"""

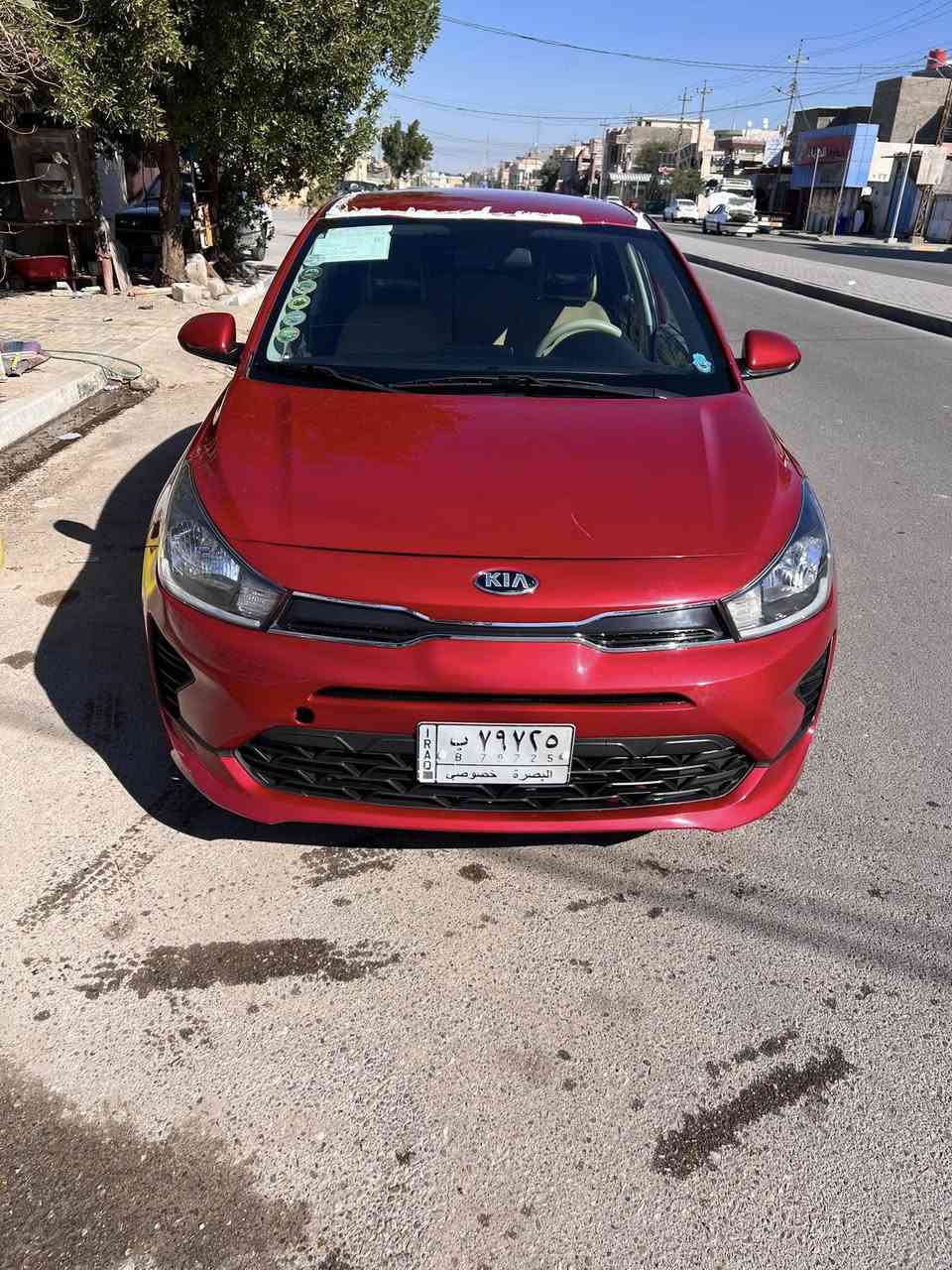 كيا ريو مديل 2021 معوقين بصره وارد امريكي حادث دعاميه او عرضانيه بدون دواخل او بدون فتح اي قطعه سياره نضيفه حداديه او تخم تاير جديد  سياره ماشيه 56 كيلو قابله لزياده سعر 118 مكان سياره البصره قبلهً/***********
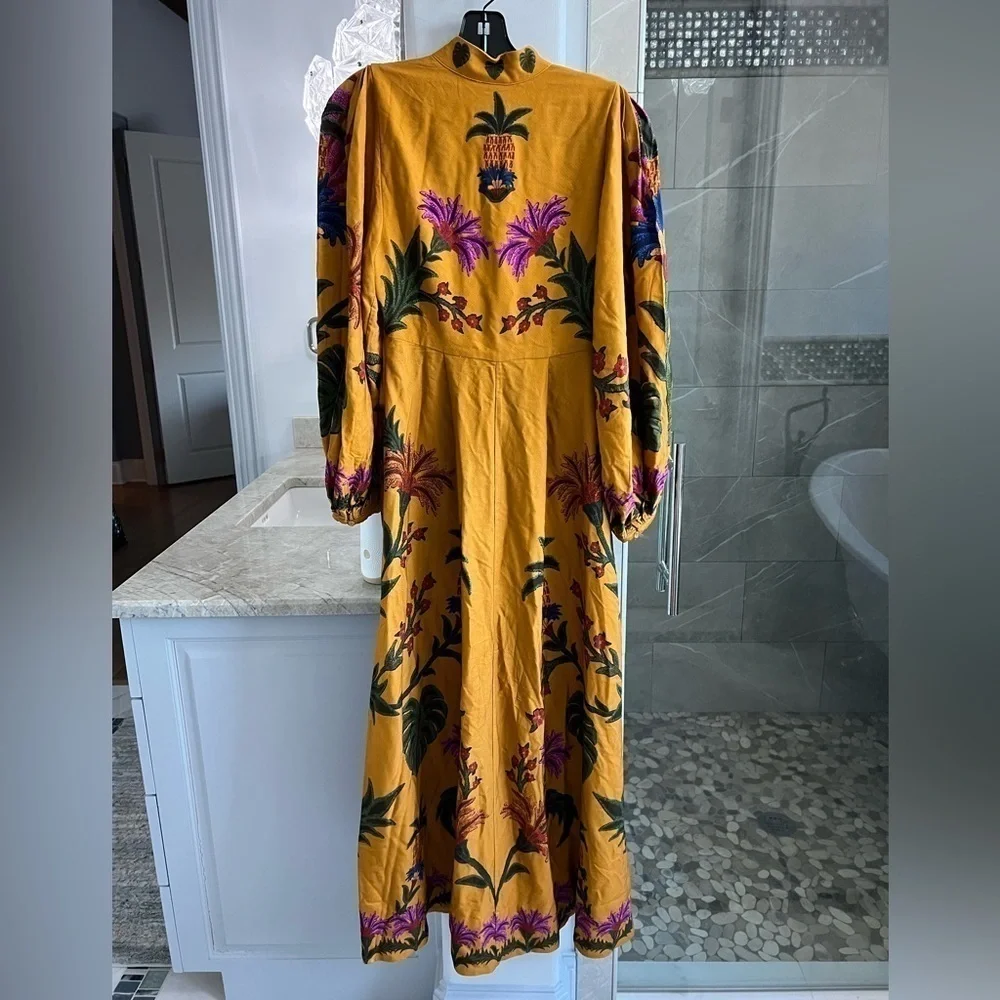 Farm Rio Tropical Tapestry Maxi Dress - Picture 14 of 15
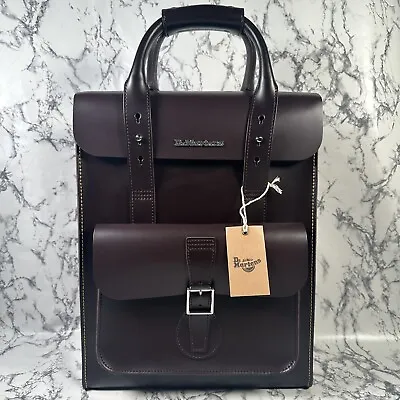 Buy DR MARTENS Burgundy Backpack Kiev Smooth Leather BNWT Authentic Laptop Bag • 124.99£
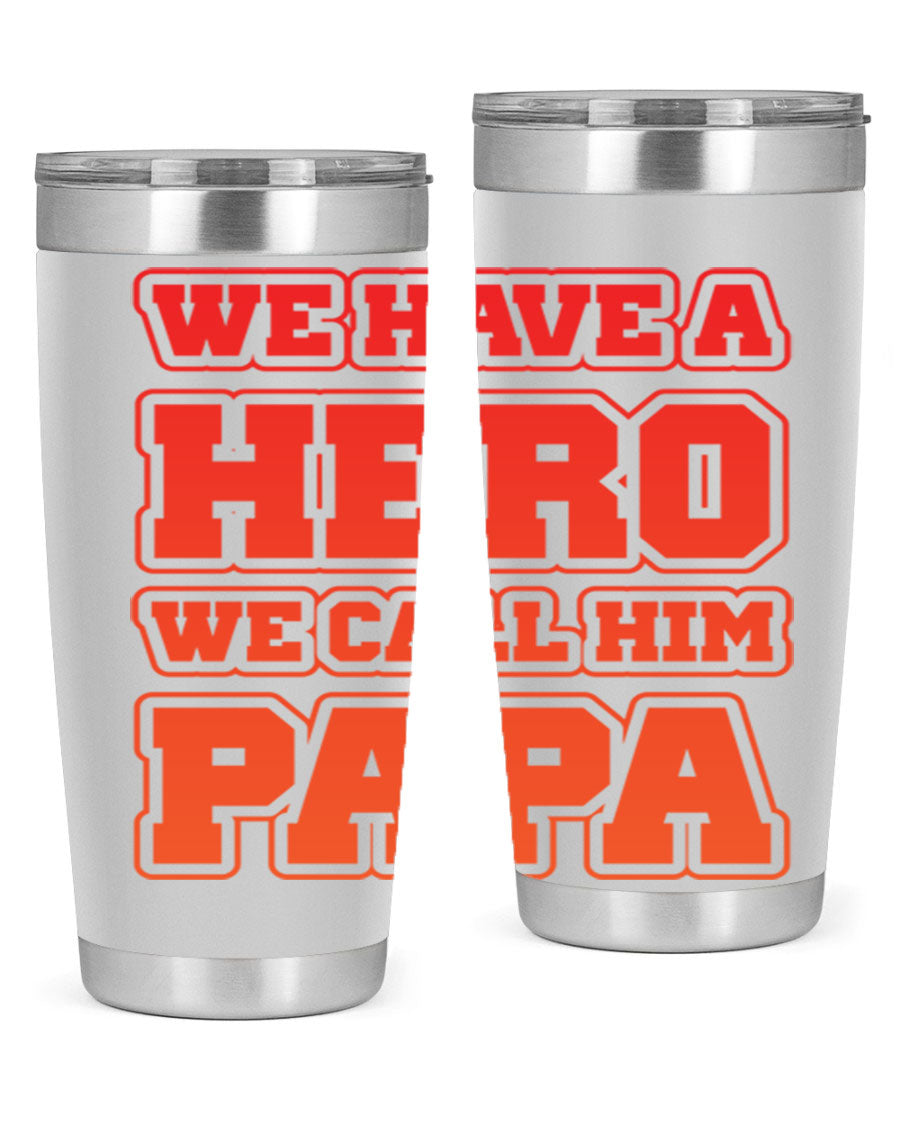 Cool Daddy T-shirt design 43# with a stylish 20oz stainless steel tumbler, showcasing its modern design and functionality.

"""

EXERCISE AIM: The answer must be an exact copy of the lines from the one that holds "Buy DR MARTENS" through the end of the data, both included, with no pictures.

WRITTEN ANSWER:
 Buy DR MARTENS Burgundy Backpack Kiev Smooth Leather BNWT Authentic Laptop Bag • 124.99£
 Cool Daddy T-shirt design 43# with a stylish 20oz stainless steel tumbler, showcasing its modern design and functionality.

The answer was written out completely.